Puis elle a adopté un article additionnel avant l'article L.89-5 bis du code du domaine de l'État, tendant à soumettre à l'imposition sur les plus-values les produits de cessions et prévoyant que l'exonération applicable aux plus-values issues de la vente des résidences principales ne serait pas applicable.

La commission a rétabli, dans la rédaction issue des travaux du Sénat, l'article L.89-5 bis du code du domaine de l'État relatif au droit de préemption des terrains revendus.

La commission a adopté, à l'article L.89-5 ter nouveau du code du domaine de l'État, relatif à l'expulsion des occupants des espaces naturels, un amendement de portée rédactionnelle.

Puis, elle a adopté l'article L.89-5 ter (nouveau) ainsi modifié.

La commission a adopté l'article L.89-6 du code du domaine de l'État, relatif à la publication d'un décret d'application sans modification.

Puis, la commission a adopté, sans modification, l'article L.88-1 du code du domaine de l'État relatif à la remise, à titre gratuit, des espaces naturels au conservatoire du littoral dans les départements de la Guyane et de la Réunion.

Elle a également adopté sans modification l'article premier bis (nouveau) tendant à insérer un article L.171-2 dans code forestier, posant le principe de l'imprescriptibilité des forêts et terrains à boiser dans les départements de la Guadeloupe et de la Martinique, avant d'adopter l'ensemble de l'article premier.

Puis, elle a adopté l'article premier ainsi modifié.

À l'article 2 , la commission a adopté un amendement relatif à l'octroi une aide de l'État pour les cessions effectuées en application de l'article L.89-4 du code du domaine de l'État et l'article ainsi modifié.

La commission a adopté, sans modification, l'article 3 relatif à la création d'une agence pour la mise en valeur de la zone dite des cinquante pas géométriques dans chacun des départements de Guadeloupe et de la Martinique et l'article 4 relatif aux compétences de ces agences.

À l'article 5 , relatif à la composition du conseil d'administration des agences précitées, la commission a adopté un amendement tendant à ce que des représentants élus des régions, des départements, des communes et de la commune concernée fassent partie du conseil d'administration. Puis, elle a adoptée l'article 5 ainsi modifié.

La commission a adopté à l'article 6 un amendement tendant à préciser l'origine des subventions versées à l'agence. Puis elle a adopté l'article 6 ainsi modifié.

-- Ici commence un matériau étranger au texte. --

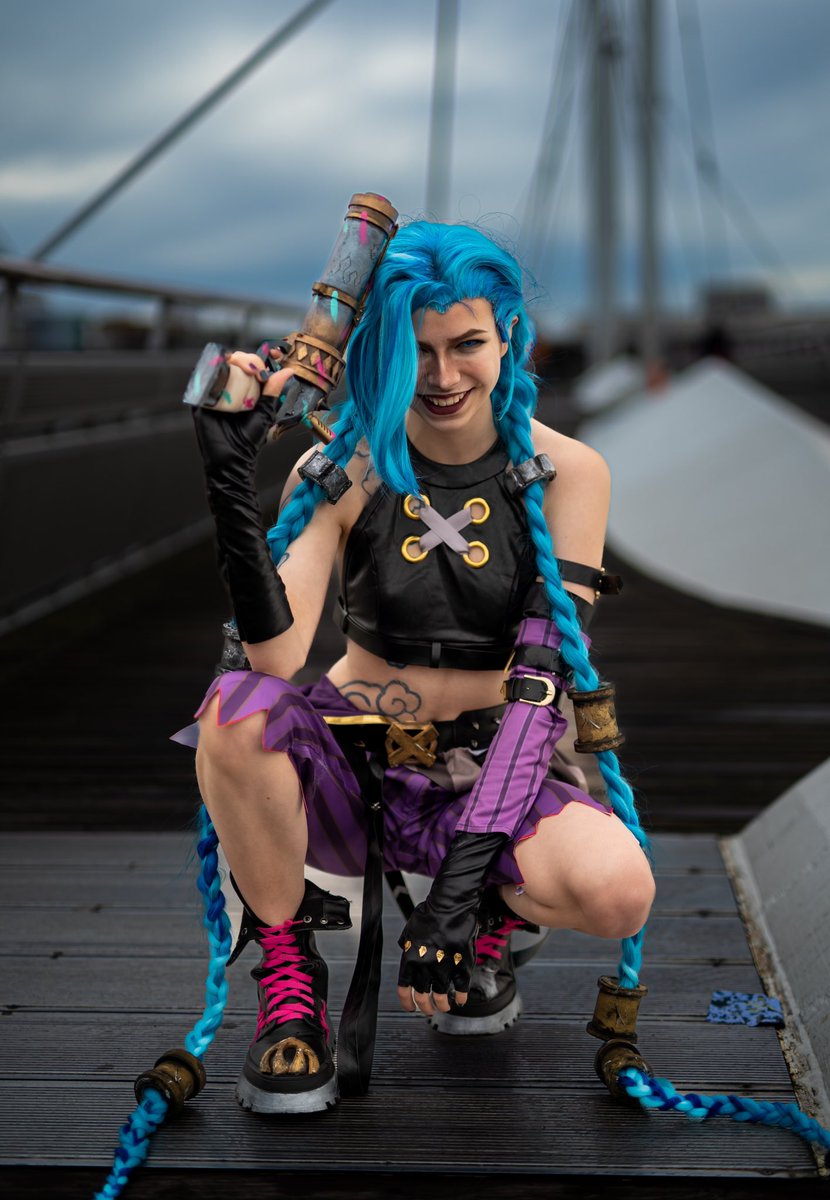 Finally publishing my new cosplay! Amazing Jinx!✨ I’ve spent so much time to finish this cosplay! I’m in love with the result, hope you like it too!!!
#jinxcosplay #jinx #arcanecosplay #Arcane <a href="/arcaneshow/">Arcane</a> <a href="/LeagueOfLegends/">League of Legends</a> 
Inst: arillinn_
Photo by: benjshoots (inst)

Aux articles 7 et 8 relatifs à l'institution d'une taxe pour le financement des agences précitées, dans chacun des départements de la Guadeloupe et de la Martinique, la commission a adopté un amendement qui supprime l'obligation de consulter la commune, le département et la région sur le montant de la taxe. Le rapporteur a indiqué que cette consultation était inutile, dans la mesure où ces collectivités participeraient au conseil d'administration des agences. Puis elle a adopté les articles 7 et 8 ainsi modifiés.

La commission a ensuite adopté, sans modification, l'article 9 qui insère plusieurs dispositions relatives au droit de l'urbanisme à l'article L.156-3 du code de l'urbanisme, ainsi que l'article 9 bis a (nouveau), 9 bis b (nouveau) dont l'objet est analogue.

À l'article 10 , relatif à la publication d'un décret en Conseil d'État, la commission a adopté un amendement tendant à supprimer l'obligation de déposer un rapport et l'article ainsi modifié.

Enfin la commission a approuvé l'ensemble du projet de loi ainsi modifié.